Cuando ocurre algo así, un Gobierno puede calificar el plan como una fiesta en honor a la democracia. Podría incluso llevarlo más allá y permitir que se declarase la disolución de la nación, que al fin y al cabo es un concepto discutido y discutible desde que Zapatero inauguró este nuevo PSOE del que Sánchez es sólo la continuación lógica.
Puede también hacer algo muy parecido: nada. Disimular, silbar, leer la prensa económica. Ponerse de perfil; técnico, claro. Dejar que el tiempo y la historia pongan a cada uno en su sitio. A los del golpe, en diferentes gobiernos y condicionando la política nacional. A los del perfil técnico, expulsados del Gobierno por la misma banda que declara la independencia o cabalga a lomos de ella.
Un Gobierno que no vigila desde la legalidad a quienes pretenden destruir la base sobre la que se construyen las leyes que nos protegen a todos no es un buen Gobierno
Si esta opción le parece insuficiente y no tiene ganas de hacer bien las cosas, el Gobierno puede echarse al monte con el Estado a la espalda. Puede crear y financiar un grupo paramilitar para secuestrar o asesinar a líderes del movimiento, y especialmente a gente que pasaba por ahí.
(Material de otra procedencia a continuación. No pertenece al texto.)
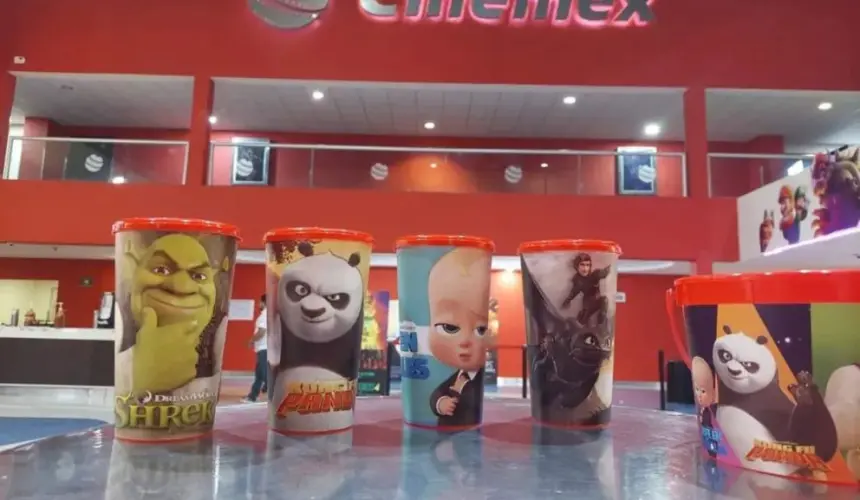 Precio de los vasos coleccionables y la cubeta palomera de Dreamworks en Cinemex. Foto: Vasos De Cine Y C.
En principio podría pensarse que es una jugada arriesgada y que el partido que hiciera algo así sería expulsado para siempre de la política, pero ahí ha seguido el PSOE, dando lecciones de ética y presumiendo de la fidelidad de los votantes después del GAL. De nuevo, el tiempo y la historia ponen a cada uno en su sitio.
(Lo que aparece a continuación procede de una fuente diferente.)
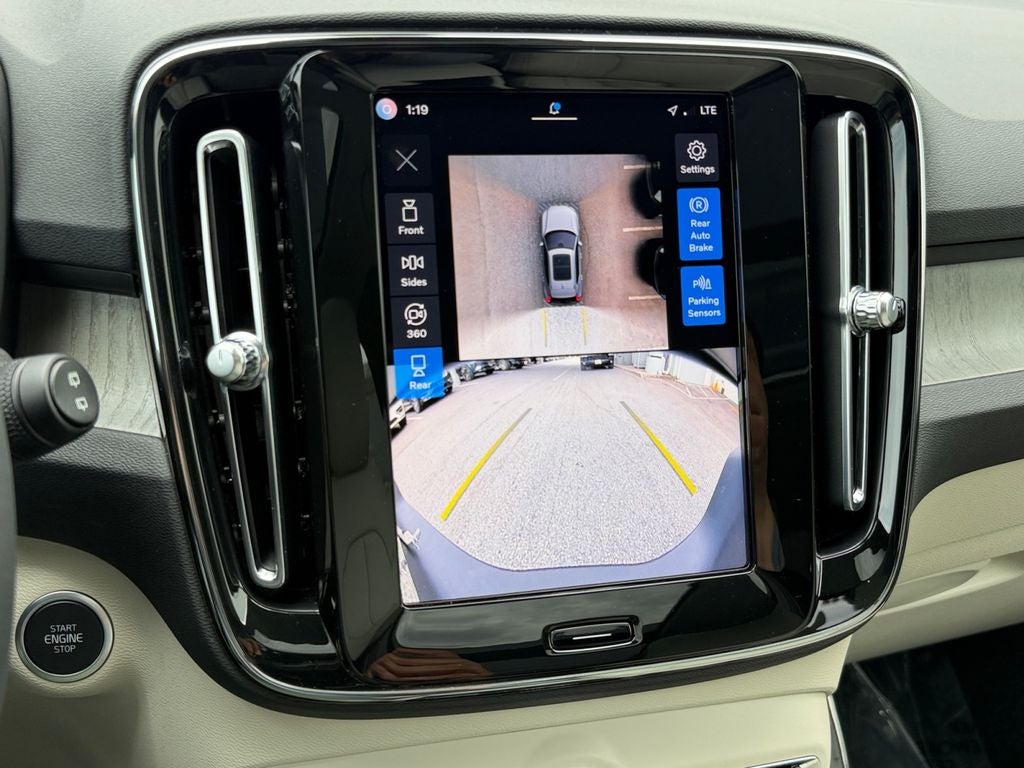 2024 Volvo XC40 B5 Plus Bright Theme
Los antecedentes pesan, y por eso se debate estos días si el Estado podría espiar a los líderes de un movimiento cuyo fin declarado es la destrucción de la soberanía nacional y de los mecanismos que protegen a todos los ciudadanos de la arbitrariedad. No, no podría; debería. Un Gobierno que no vigila desde la legalidad a quienes pretenden destruir la base sobre la que se construyen las leyes que nos protegen a todos no es un buen Gobierno. Cuando cuestiona o renuncia a sus funciones de vigilancia, el Gobierno se convierte en un facilitador del crimen y lanza una invitación a quienes pretenden servirse de cualquier resquicio para cumplir su proyecto.
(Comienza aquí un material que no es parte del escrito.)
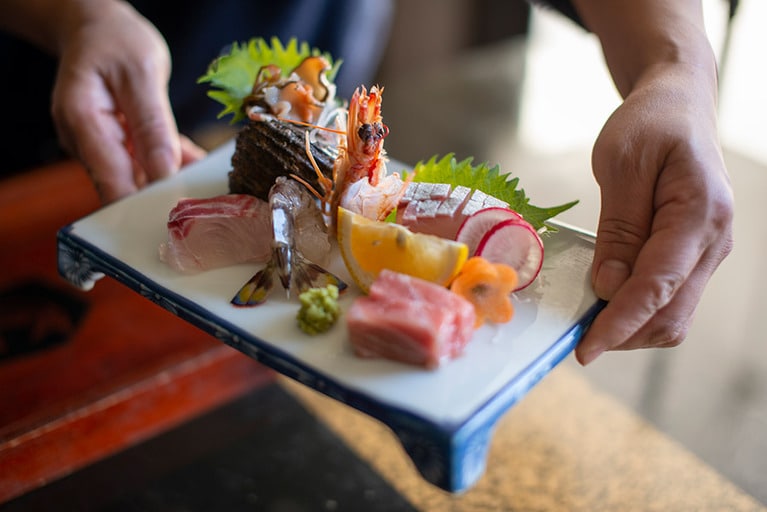 色合い、艶から新鮮さが分かる。夕食は地魚をふんだんに使った会席料理。この日は車海老やカンパチなどを盛り込んだお造り。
Todas las preguntas que podemos hacernos sobre la concepción del PSOE del Gobierno, de la nación, del Estado y de los límites ya han sido respondidas
Ante las denuncias de espionaje, el PSOE ha jugado a dos bandas. Primero, Margarita Robles y su defensa individual y voluntarista de un Estado contra el que trabaja su propio Gobierno. Segundo, Meritxell Batet abriendo la muralla al veneno y al puñal, al diente de la serpiente. Lo que se vio la semana pasada en el Congreso no es un escándalo, es la naturaleza del PSOE y el legado que dejará a los españoles. Tras un cambio en las reglas de la votación propiciado por Batet- de la exigencia de tres quintos (210 votos) se pasó a la mayoría absoluta (176)-, los representantes de Bildu, ERC, Junts y la CUP consiguieron entrar en la comisión de secretos oficiales. Colar a los responsables del golpe de Estado y a otros independentistas responsables de cosas aún peores en esa comisión no es una anécdota ni la cesión a un chantaje. Es sencillamente un paso coherente en las coordenadas socialistas, igual que lo fue el indulto a los responsables del golpe y el comenzar a tratar a Bildu como un partido perfectamente pulcro y aseado.
El protagonismo compartido entre Robles y Batet confirma que habrá que resolver cuanto antes esta incómoda sospecha reciente. Los ciudadanos merecen saber si su Gobierno se está desviando de sus principios declarados o si por el contrario mantiene su firme apuesta por un futuro deseable que pasa por compartir las llaves del Estado con quienes aún muestran con orgullo el hacha, el martillo, la hoz y la estaca.
El párrafo anterior es en realidad una licencia. No nos engañemos, aunque sólo sea por respeto al siglo XVII. La semana pasada el Gobierno de Sánchez y sus satélites lanzaron la siguiente consigna: EH Bildu es un partido de Estado. Todas las preguntas que podemos hacernos sobre la concepción del PSOE del Gobierno, de la nación, del Estado y de los límites ya han sido respondidas. Varias veces. Todas las preguntas que nos hacemos sobre el PSOE son preguntas retóricas.